# What are the Correct Rules for Courtesy Flags



## alastairrussell (Jun 19, 2007)

On 7th June a P and O Passenger ship entered Cairns Harbour (AUS) with a British Blue ensign flighing from the extreme right hand side of the mast. When she was being turned around off her Berth the UK flag was swapped for an AUS blue ensign?

I have photographs of both Flags!


----------



## Mad Landsman (Dec 1, 2005)

The Blue ensign would indicate that the Captain is probably an RNR Officer - That is his personal ensign and does not go with the ship. 

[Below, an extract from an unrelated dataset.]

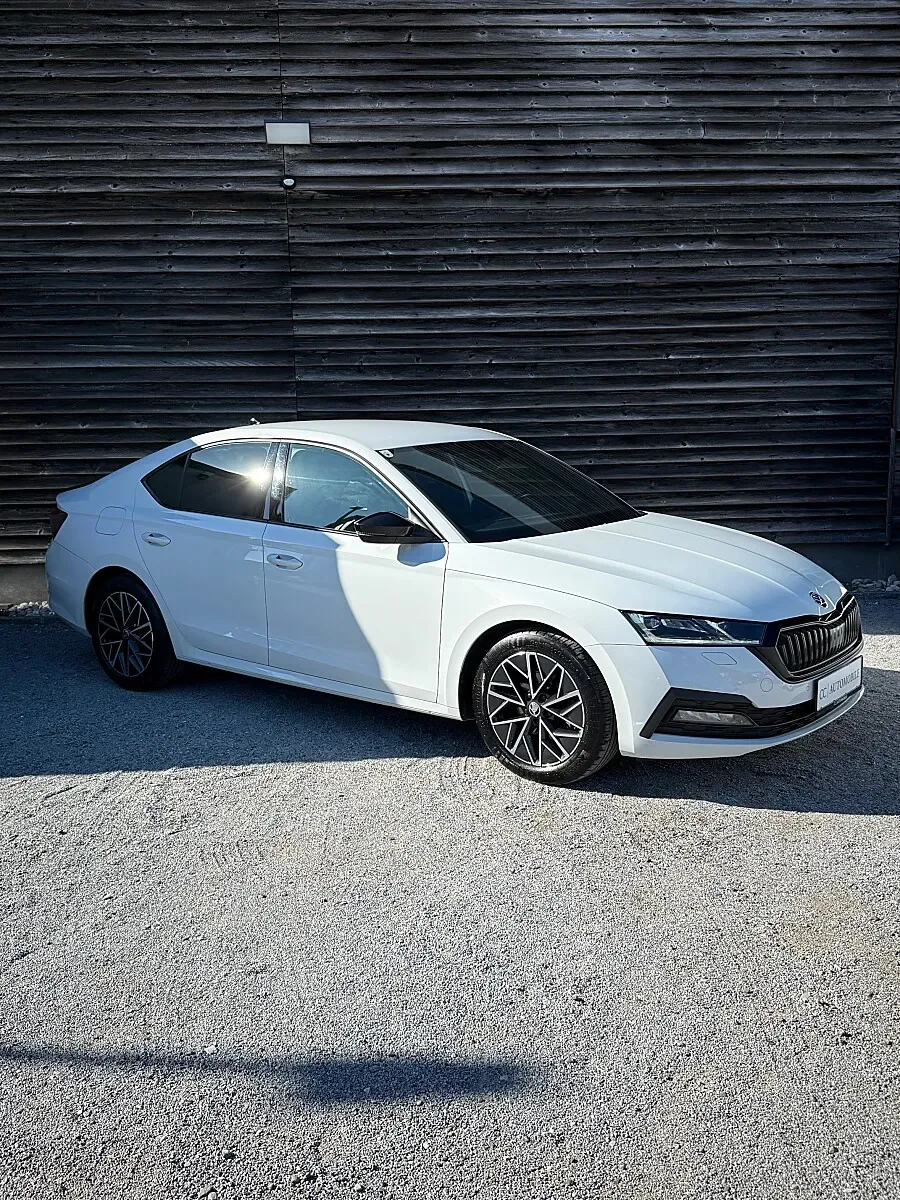 Skoda Octavia 2023 photo 2
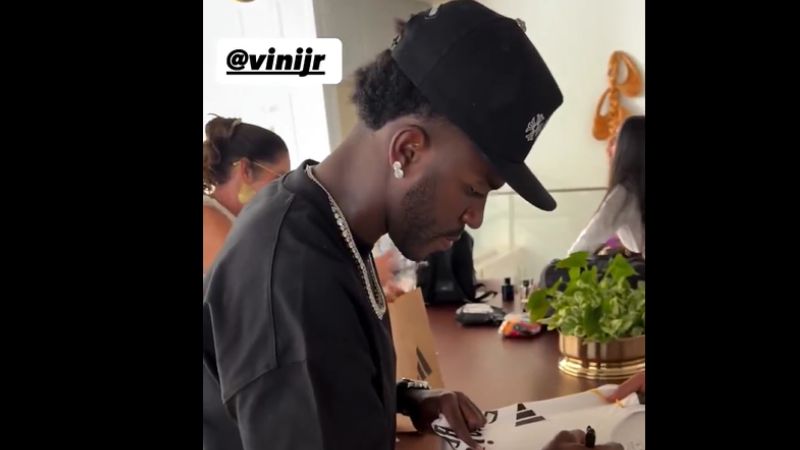 Vini Jr. de cara nova: confira o novo visual do craque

In port the Ensign would be flown on the stern and the Courtesy flag, not an Ensign, worn on the starboard hoist of the main mast.

All correct as I see it.


----------



## woodend (Nov 23, 2009)

I'm afraid it sounds to me like a serious 'boo boo' was dropped and whoever put the flags up for arrival grabbed the wrong Blue Ensign. (RNR Blue Ensign picked out of the flag locker instead of the Australian National Blue Ensign. Easily done.) Probably got a right Royal bollocking when it was spotted. 
Courtesy ensign is flown at the starboard yard but I have never heard of the RNR Blue Ensign being flown there. That is flown at the gaff when under-way or over the stern when anchored or moored and then only if there is RNR entitlement by way of the Captain.[=P]


----------



## chadburn (Jun 2, 2008)

Mad Landsman said:


> The Blue ensign would indicate that the Captain is probably an RNR Officer - That is his personal ensign and does not go with the ship.
> 
> In port the Ensign would be flown on the stern and the Courtesy flag, not an Ensign, worn on the starboard hoist of the main mast.
> 
> All correct as I see it.


Flag etiquette goes back a long way and is based on the R.N. version on how it should be carried out, the RNR Officer requires a Warrant to be able to use the Blue Ensign and indeed it is responsibility to ensure that when he leaves the vessel his Blue Ensign goes with him.
Ensigns are worn not flown.


----------



## slick (Mar 31, 2006)

All,
Re - the wearing of a Blue Ensign, I seem to remember, the Master another Officer and a PO/ Rating were required to be RNR Officers.
In Palm Line (early 60's) one Master always required that this minimum was required and maintained on his ship, indeed I was moved on as I wasn't RNR.
On Paying Off I went home (East Ham) and whilst on leave made enquiries regarding joining the RNR, I was told that the RNR weren't looking for former or current personnel serving in 'Tramps', end of my enquiries.

Yours aye,
slick


----------



## trotterdotpom (Apr 29, 2005)

I've done a couple of P&O cruises from Brisbane and both Captains were Italian - cool dudes but unlikely to be in the RNR. Which ship was it that was in Cairns?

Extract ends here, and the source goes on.